__What the task asks__: Copy out only the span from the line with "南昌广电卡5G覆盖与LTE显示解析及信号优化策略" to the end of the data, both ends kept, word for word.

__Items from a dataset__:
* * * * *
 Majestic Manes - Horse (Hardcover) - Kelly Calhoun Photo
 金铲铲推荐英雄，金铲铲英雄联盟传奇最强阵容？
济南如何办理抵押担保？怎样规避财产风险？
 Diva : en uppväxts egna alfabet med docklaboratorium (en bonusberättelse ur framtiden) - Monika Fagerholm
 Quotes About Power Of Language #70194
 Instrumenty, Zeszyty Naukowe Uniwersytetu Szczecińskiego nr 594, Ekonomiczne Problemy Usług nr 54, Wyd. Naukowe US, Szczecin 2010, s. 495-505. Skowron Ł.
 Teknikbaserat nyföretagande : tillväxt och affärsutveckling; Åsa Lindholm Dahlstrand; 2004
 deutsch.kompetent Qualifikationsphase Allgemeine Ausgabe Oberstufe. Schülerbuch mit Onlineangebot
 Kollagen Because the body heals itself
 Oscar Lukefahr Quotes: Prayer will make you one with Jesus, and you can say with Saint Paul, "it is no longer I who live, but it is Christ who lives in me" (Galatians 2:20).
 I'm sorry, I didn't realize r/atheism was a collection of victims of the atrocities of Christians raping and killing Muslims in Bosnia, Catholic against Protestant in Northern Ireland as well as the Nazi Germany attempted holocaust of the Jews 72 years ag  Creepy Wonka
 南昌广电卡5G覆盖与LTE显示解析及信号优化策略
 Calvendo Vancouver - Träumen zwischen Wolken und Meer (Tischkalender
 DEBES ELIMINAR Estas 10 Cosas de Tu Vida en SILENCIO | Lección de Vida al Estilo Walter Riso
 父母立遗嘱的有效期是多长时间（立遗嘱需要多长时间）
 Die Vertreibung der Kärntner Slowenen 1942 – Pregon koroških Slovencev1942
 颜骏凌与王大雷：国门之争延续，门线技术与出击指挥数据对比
* * * * *
__Result for this exercise__:
 南昌广电卡5G覆盖与LTE显示解析及信号优化策略
 Calvendo Vancouver - Träumen zwischen Wolken und Meer (Tischkalender
 DEBES ELIMINAR Estas 10 Cosas de Tu Vida en SILENCIO | Lección de Vida al Estilo Walter Riso
 父母立遗嘱的有效期是多长时间（立遗嘱需要多长时间）
 Die Vertreibung der Kärntner Slowenen 1942 – Pregon koroških Slovencev1942
 颜骏凌与王大雷：国门之争延续，门线技术与出击指挥数据对比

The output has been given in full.